Surfers at Bells Beach enjoy a morning session.© Jame Davies
This was another important Aussie contribution to world surfing. In the mid-1960s, while Hawaiians and beach-punk Californians were cruising on phallic, 10-foot guns, taking a very straight line through the wave, Australian surfers like McTavish began experimenting with shorter surfboards, sometimes literally sawing the ends off, shaving them down to seven or eight feet, and then attacking the lip with kamikaze energy.
It marked another evolutionary turning point for the sport, like the Jurassic Period suddenly lurching into the Cretaceous. By 1970, surfing had emerged from its groovy, dope-fuelled slumber: it was agile, aggressive and full of exciting possibilities.
“Australians added the vertical dimension,” McTavish says. “We brought the sport up to the lip, barrel hunting, staying close around the curl.

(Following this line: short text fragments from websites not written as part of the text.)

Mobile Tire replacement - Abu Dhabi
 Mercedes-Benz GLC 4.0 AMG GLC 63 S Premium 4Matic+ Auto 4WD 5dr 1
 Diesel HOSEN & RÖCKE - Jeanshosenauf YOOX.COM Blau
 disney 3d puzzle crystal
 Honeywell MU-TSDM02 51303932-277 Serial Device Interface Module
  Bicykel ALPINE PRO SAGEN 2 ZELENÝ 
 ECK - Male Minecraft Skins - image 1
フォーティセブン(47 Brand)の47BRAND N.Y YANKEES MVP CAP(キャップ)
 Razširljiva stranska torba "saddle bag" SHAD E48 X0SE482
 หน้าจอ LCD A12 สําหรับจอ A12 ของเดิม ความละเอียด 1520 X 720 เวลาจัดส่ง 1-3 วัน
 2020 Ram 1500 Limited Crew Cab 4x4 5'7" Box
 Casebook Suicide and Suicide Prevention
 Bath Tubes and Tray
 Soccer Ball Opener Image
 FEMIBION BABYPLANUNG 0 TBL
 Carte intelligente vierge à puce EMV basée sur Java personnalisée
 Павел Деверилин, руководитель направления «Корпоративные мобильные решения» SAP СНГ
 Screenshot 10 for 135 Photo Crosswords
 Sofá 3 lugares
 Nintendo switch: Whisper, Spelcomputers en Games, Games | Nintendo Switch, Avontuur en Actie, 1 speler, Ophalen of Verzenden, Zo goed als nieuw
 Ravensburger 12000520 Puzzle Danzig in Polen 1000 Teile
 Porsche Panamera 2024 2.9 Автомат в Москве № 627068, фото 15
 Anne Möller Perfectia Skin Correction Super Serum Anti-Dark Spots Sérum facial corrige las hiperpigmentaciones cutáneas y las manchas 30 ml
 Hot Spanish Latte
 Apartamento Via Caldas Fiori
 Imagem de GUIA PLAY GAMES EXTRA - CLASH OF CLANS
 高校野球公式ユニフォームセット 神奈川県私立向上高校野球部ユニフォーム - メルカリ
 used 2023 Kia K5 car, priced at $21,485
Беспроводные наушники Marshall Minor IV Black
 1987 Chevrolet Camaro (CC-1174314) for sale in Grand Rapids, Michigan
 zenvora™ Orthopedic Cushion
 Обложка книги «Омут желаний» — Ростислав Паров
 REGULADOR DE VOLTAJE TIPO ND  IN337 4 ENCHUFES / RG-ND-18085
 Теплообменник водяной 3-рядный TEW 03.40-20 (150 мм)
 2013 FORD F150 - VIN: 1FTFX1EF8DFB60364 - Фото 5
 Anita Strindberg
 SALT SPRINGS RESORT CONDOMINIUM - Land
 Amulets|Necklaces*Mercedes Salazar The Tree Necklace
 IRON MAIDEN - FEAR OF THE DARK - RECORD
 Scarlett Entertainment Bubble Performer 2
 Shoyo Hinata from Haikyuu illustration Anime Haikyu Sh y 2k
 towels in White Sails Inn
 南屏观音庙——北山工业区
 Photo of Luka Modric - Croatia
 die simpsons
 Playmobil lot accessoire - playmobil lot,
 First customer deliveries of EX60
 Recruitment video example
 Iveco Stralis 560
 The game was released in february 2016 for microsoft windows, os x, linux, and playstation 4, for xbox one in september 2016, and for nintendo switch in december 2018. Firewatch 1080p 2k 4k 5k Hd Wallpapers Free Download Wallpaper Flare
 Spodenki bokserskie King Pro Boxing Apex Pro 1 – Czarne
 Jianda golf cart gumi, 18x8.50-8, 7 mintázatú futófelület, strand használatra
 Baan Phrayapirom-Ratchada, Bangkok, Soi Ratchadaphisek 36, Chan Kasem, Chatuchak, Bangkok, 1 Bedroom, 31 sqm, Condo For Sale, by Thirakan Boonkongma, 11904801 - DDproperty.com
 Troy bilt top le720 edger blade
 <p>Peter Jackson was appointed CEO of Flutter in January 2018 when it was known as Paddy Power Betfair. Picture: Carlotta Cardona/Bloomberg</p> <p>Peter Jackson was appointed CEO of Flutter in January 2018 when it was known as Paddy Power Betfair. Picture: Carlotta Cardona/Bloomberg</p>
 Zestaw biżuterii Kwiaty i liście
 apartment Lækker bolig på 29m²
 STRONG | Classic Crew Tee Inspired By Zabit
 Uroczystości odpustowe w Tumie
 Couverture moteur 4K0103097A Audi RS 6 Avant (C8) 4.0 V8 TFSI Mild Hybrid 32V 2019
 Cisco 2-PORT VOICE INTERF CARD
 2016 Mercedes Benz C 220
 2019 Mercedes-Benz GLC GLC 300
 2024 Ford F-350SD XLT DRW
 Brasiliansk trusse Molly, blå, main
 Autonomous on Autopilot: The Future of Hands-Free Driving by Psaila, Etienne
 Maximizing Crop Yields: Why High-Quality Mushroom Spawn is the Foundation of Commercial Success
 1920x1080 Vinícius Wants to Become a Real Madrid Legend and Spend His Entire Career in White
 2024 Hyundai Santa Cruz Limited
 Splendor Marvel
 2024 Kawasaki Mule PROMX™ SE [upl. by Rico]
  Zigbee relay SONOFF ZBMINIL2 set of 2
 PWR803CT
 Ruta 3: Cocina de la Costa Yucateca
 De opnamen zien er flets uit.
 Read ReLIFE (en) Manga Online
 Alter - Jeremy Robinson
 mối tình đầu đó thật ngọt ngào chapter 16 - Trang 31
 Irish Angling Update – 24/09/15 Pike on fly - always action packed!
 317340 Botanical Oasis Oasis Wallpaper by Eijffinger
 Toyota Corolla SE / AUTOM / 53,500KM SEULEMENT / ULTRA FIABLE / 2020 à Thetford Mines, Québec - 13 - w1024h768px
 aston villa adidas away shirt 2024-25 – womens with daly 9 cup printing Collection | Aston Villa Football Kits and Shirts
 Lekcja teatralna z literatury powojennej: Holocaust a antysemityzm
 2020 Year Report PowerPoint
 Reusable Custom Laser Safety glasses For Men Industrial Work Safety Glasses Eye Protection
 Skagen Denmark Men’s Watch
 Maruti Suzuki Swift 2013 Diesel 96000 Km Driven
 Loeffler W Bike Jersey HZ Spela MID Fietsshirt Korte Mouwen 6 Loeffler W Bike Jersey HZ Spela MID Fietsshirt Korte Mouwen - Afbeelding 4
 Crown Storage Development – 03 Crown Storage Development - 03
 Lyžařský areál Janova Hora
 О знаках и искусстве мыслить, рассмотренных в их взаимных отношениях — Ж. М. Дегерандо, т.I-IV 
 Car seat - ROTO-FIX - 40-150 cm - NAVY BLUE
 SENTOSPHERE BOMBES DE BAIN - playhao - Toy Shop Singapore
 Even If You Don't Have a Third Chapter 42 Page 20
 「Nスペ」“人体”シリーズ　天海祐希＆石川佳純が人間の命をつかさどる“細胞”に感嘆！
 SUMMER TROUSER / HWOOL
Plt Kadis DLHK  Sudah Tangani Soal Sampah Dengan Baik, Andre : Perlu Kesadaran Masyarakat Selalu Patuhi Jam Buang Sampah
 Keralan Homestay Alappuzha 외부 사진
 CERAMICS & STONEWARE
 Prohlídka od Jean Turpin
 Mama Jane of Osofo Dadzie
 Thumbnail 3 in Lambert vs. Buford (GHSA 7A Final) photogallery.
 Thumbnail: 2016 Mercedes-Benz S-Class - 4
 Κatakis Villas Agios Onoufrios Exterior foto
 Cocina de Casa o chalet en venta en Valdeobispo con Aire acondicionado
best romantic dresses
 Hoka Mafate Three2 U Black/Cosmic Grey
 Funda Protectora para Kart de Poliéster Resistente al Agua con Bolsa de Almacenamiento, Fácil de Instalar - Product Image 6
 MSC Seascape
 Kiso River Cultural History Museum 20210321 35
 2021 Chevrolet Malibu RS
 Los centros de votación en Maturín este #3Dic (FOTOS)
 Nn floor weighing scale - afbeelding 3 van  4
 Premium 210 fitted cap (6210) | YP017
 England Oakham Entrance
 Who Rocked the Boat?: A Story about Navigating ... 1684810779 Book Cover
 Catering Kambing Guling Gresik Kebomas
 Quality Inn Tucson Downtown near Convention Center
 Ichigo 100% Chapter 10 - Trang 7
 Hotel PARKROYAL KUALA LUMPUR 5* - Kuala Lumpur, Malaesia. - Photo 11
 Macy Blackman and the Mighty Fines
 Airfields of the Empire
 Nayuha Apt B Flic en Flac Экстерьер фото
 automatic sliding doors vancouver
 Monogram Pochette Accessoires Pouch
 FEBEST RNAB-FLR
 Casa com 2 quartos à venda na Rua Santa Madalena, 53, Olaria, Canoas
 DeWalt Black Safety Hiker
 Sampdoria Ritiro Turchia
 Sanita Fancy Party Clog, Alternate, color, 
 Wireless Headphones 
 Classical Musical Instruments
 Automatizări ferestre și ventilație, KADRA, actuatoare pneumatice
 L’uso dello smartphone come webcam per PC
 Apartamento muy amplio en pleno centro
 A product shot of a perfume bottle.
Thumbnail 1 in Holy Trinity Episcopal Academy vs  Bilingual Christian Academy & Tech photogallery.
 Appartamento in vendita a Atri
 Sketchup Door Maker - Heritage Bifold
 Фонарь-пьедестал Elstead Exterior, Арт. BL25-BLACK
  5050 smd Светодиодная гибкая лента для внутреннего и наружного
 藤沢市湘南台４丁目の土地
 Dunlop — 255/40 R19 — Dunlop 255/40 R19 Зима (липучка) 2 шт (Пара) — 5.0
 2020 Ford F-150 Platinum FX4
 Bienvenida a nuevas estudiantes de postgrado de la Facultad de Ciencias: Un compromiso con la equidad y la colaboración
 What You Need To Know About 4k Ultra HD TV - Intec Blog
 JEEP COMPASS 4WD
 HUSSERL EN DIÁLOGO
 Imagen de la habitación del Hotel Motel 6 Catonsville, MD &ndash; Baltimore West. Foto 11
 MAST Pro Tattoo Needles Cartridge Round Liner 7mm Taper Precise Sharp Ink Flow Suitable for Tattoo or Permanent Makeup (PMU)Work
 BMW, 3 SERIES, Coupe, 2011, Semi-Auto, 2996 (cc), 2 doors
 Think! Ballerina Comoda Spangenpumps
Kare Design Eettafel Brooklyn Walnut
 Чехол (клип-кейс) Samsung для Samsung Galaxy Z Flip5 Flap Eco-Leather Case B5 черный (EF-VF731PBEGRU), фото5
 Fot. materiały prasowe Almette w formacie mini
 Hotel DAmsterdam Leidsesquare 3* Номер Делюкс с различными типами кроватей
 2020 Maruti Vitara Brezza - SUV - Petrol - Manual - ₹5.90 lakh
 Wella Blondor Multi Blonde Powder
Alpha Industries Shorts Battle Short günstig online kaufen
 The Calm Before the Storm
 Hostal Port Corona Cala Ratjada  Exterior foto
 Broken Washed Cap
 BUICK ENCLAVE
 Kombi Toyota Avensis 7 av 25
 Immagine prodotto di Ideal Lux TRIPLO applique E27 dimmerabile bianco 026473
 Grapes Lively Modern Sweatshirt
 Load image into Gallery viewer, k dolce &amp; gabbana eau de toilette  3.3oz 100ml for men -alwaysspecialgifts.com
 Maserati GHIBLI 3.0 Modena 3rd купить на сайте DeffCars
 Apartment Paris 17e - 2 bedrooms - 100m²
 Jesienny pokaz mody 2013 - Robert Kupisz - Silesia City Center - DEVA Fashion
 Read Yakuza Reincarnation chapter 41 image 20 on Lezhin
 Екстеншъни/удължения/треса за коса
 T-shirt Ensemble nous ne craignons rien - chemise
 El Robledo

The shortboard allowed us to use the full face of the wave.” Like the Thruster in ’81, McTavish’s antics at Winki Pop have taken on apocryphal surf legend status. “What you have to understand about Bells,” he says, “is that it’s not the wave. It was never about the wave. It was the event.”
Julian Wilson gets airborne at Bells, 2016.
Julian Wilson gets airborne at Bells, 2016.© Red Bull Content Pool
Most touring pros, even the ones who think Bells’ point break is overrated, agree with this sentiment. There’s just something about Torquay’s annual Easter competition, they say. “A kind of presence”, as Jordie Campbell puts it. The Rip Curl Pro feels special, unique.
Different from Hawaii’s Pipeline, different from Jeffrey’s Bay in South Africa, different from the thick, grinding barrels of Mavericks in California. “It was like this gathering of the tribe,” Bob says. “You wanted to be there. You had to be there at Easter. All your mates were there, and shapers and designers, and the best surfers from Hawaii and California. Bells became the place to be.”
Fanning agrees. “You get a buzz just pulling into the carpark,” he says, winding time back to that wildcard weekend in 2001. “I still remember the first time I saw it. All the Indigenous history, the way those cliffs change colour throughout the day. There’s this aura around Bells that’s really hard to explain.”
You can kind of feel that aura, up here on the bluff, as the morning sun warms up the limestone. Everything’s quiet. A bristlebird flaps between the twisted Moonah trees. A young surfer jogs down the clifftop path, board under one arm. He dives into the shallows and begins stroking out slowly towards the Bowl. A wall of saltwater surges towards him, bearing down fast, and the last thing you see is two feet, kicking down beneath the waves.